Whole genome resequencing analysis revealed a total of 36 sequence variations (28 SNPs and eight indels) between JI4 and JI128 on scaffold04355. Of these, only one SNP was a non-synonymous mutation in the second exon of Psat0s4355g0080, while the remaining 35 polymorphisms were silent mutations (six intronic variants, 28 intergenic variants, and one synonymous mutation) (Figure 4). Among the intergenic variants, two SNPs and two indels were located on the region between Psat0s4355g0080 and Psat0s4355g0120, which probably corresponded to the promoter regions of the two genes (Figure 4).

To analyze gene expression, three replicates of immature pods of each line were investigated by RNA-Seq. Approximately 21.2 M high-quality reads were obtained from each sample (Supplementary Table S1) and mapped onto the Pisum_sativum_v1a reference genome assembly with a mapping rate of 93.9%. Out of 44,756 genes predicted in Pisum_sativum_v1a (Kreplak et al. 2019), 25,726 genes were expressed in at least one of the six samples. The expression level of Psat0s4355g0120 in JI128 (1.4) was approximately 10-fold higher than that in JI4 (0.15) (Figure 4). No obvious differences were detected in the expression levels of Psat0s4355g0040 and Psat0s4355g0080 between the two pea lines; Psat0s4355g0040 expression was not detected in either line, and Psat0s4355g0080 expression was detected in only one of the three replicates of JI128.

Discussion

In this study, we report the genome sequence assembly of the pea line, JI128, possessing yellow pods. Contigs were genetically anchored to the publicly available pea reference genome assemblies, Pisum_sativum_v1a and ASM301357v1. Our analysis provides information on the common genetic loci across the different genome sequence assemblies. Furthermore, the locus associated with pod color was identified on the genetic map, and the genes underlying this locus were identified on the reference genome sequence assemblies. Genomic and transcriptomic analyses revealed candidate genes responsible for the differences in pod color between JI128 and JI4.

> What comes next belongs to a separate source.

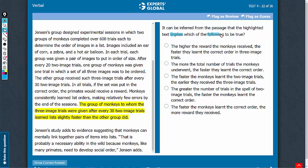The highlighted text implies which of the following to be true. The second paragraph describes the experimental sessions of two groups of monkeys: one group was given a three-image trial after every 22 image trials, and the other after every 32 image trials. The group given the three-image trial after every 32 image trials learned faster. So it can be inferred that greater number of exposure to two-image trials made the monkeys learn faster, and we need an answer choice on similar lines.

To construct the genome sequence assembly of JI128 (PSA_r1.0), we employed a long-read sequencing technology of Oxford Nanopore Technologies (44× genome coverage). The PSA_r1.0 assembly showed higher contiguity (N50 = 51,222 bp) than the ASM301357v1 assembly (N50 = 4601 bp), which was generated from Illumina short-read sequences of a single library (86× genome coverage), and similar to the Pisum_sativum_v1a assembly (N50 = 37,931 bp), which was constructed using Illumina short reads of multiple insert-size libraries (281× genome coverage) (Kreplak et al. 2019; Table 1). However, the contiguity of assembled sequences obtained in this study was lower than expected. No contig sequences for the pod color locus were represented in the PSA_r1.0 assembly. It might be necessary to extend the sequences by integrating whole genome profiles of a bacterial artificial chromosome (BAC) library and/or an optical mapping technology of BioNano Genomics, as reported previously (Kreplak et al. 2019). Alternatively, a PacBio long-read technology, which produces high-quality long reads known as HiFi reads, might improve the assembly (Wenger et al. 2019; Lang et al. 2020).

The PSA_r1.0 assembly, together with contigs of ASM301357v1, was anchored to the pseudomolecule sequences of Pisum_sativum_v1a (Supplementary Table S2). With the genetic map based on the ddRAD-Seq analysis, 918 and 1001 contigs of PSA_r1.0 and ASM301357v1, respectively, were genetically assigned to the pseudomolecule sequences of Pisum_sativum_v1a, despite the short lengths of the anchored sequences (PSA_r1.0: 135.8 Mb; ASM301357v1: 31.2 Mb), because of the low contiguity of the assemblies. Hence, we employed the reference-based method to construct the pseudomolecule sequences of JI128 that spanned a 3.3 Gb sequence. Thus, it is important to improve the de novo assembly contiguity and/or increase the number of genetic loci for covering most of the contig sequences. Whole genome resequencing of mapping populations (Mascher et al. 2013) has become a realistic alternative to ddRAD-Seq, owing to the reduction in the cost of sequencing. Given the potential for large-scale chromosomal rearrangements in the reference genome (Figure 2B), in addition to the unassigned contig sequences, the genetic anchoring approach would be more useful than the reference-guided methods for genetic analyses in the pan-genome era (Bayer et al. 2020).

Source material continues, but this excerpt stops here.